I have been involved in a number of cases in which motions have been brought to force an opposing lawyer to give up a file and get off the record for a variety of reasons, but most typically due to an alleged conflict of interest. In my view, and as a general rule, the threshold to be met to obtain an Order declaring opposing counsel to be in conflict is not particularly high. But what about judges?
In any case where the impartiality of the judge is in question, the appearance of the matter is just as important as the reality.
A number of years ago, I defended a client in a small town in Ontario in a contract case. The Plaintiff moved for judgment before one of only two judges regularly sitting in that jurisdiction. For whatever reason, that judge obviously took a significant dislike to my client and not only did I lose, the judge went of his way to make a number of harsh and derogatory statements about him which I found to be uncalled for.
I launched an appeal in that summary judgment, and I was successful.

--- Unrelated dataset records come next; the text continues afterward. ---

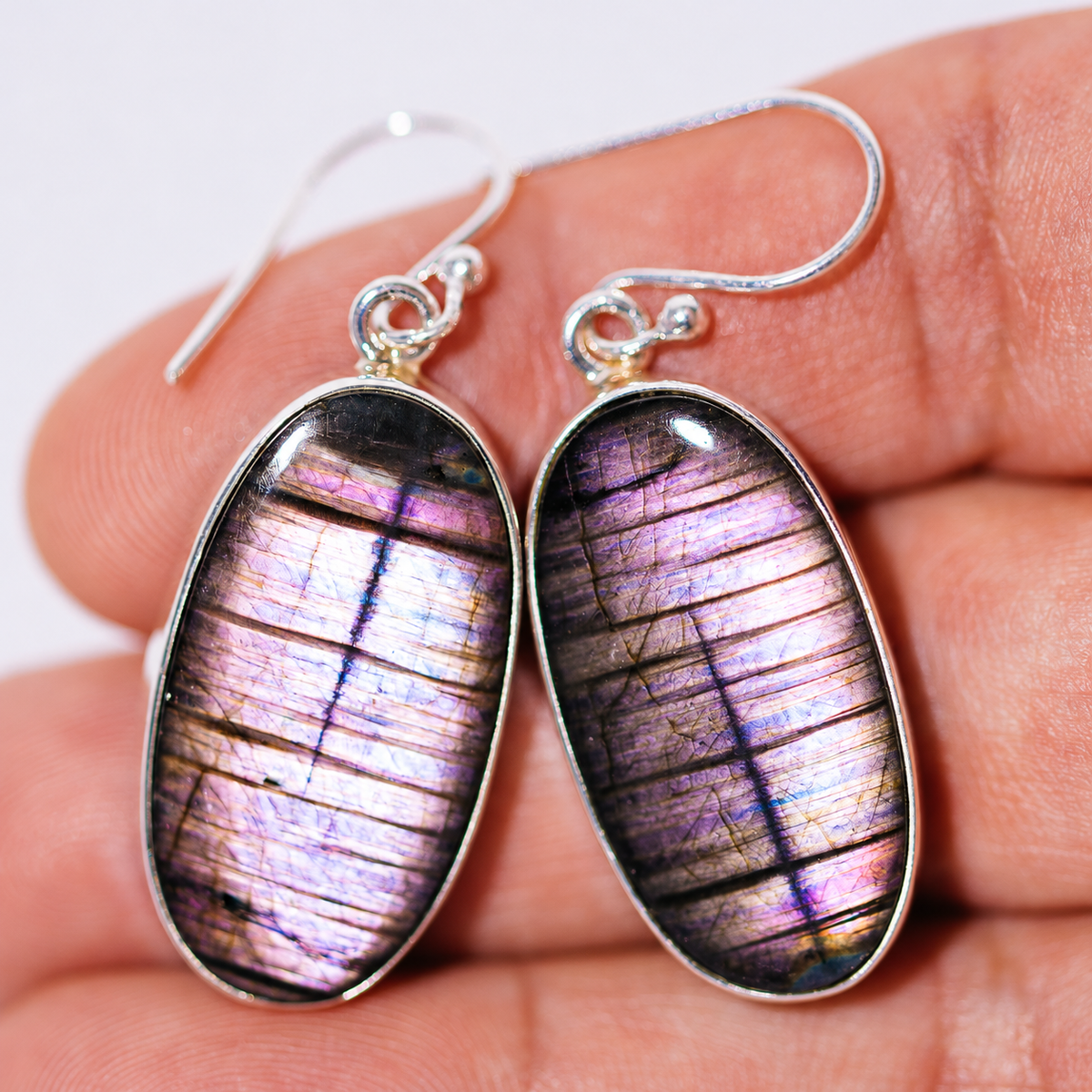 Premium Spectrolite Earrings 1 3/4" (.925 Sterling Silver)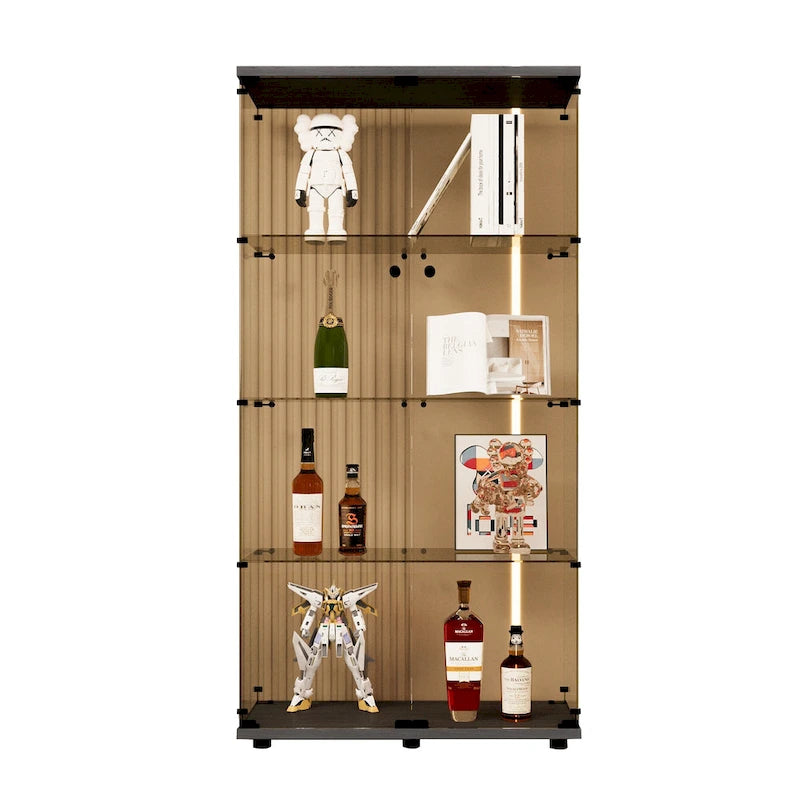 Two-door Tawny Glass Display Cabinet 4 Shelves with Door, Floor Standing Curio Bookshelf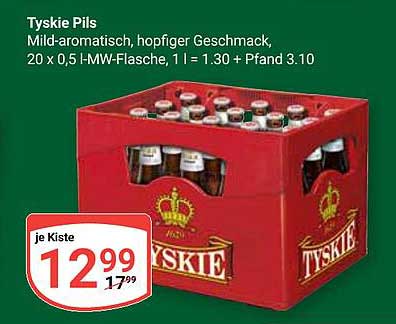 Tyskie Pils – Mild-aromatisch, hopfiger Geschmack, 20 x 0,5 l-MW-Flasche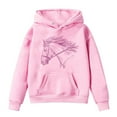 thumbnail image 1 of Byoo Toddler Girls Horse Print Long Sleeve Hoodie Casual Pullover Hooded Sweatshirt Top, 1 of 3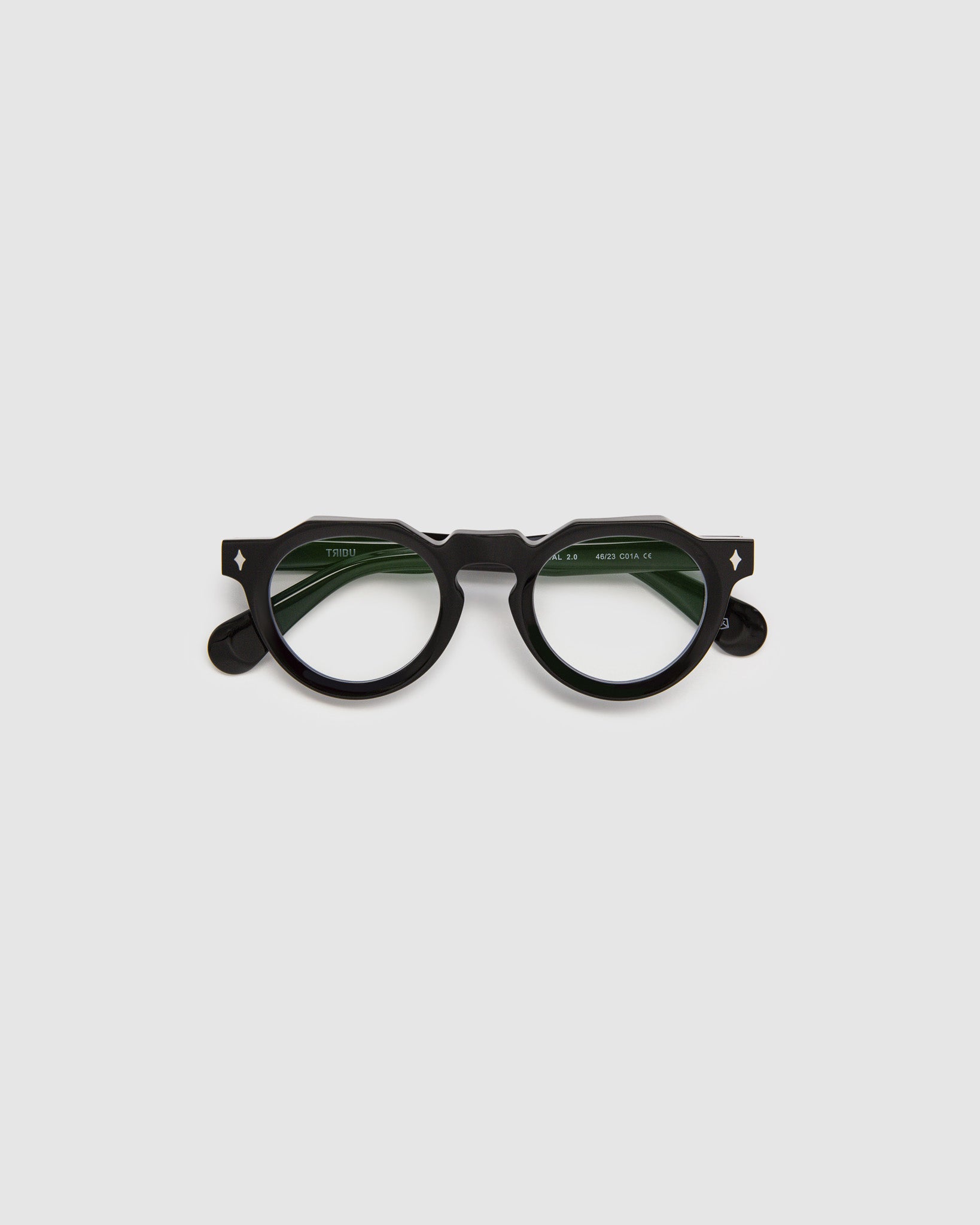 Brutal 2.0 Optical by Tribu Eyewear — Black round optical frame, flat view studio lighting.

However, not only did the Court of Appeal set aside the judgment, it also granted an Order declaring a bias on the part of that particular judge and requiring that the judge refrain from participating in any motions, pre-trial conferences or the trial itself as that matter progressed.
That was a very unusual case. The evidence of bias was plain and obvious on the record. The situation is much more difficult where there is no actual evidence of bias but only the possibility of bias. The recent decision of the Court of Appeal in Bailey v. Barbour was such a case.
In that case, the parties were disputing their respective right to waterfront property on Georgian Bay, in the Township of Tiny.
At the beginning of the trial, the trial judge told the lawyers of a potential conflict of interest on his part and asked whether or not either of them considered it to cause any difficulty. After some consideration, the lawyer for the Plaintiff asked the judge to recuse himself. Remarkably enough, the judge declined that request and proceeded to conduct the trial.
On the appeal, the Appellant argued that the judge should have recused himself.
The judge had pointed out to the lawyers that among other things, his wife was a real estate agent in Tiny Township specializing in waterfront property and that her clients included two individuals who were likely to (and ultimately did in the case of one of them) play a role in the trial. It was clear to everyone at that time that one of those individuals would be testifying and it was equally clear that the other one had a keen interest in the outcome of the case because of her ownership of a neighbouring property.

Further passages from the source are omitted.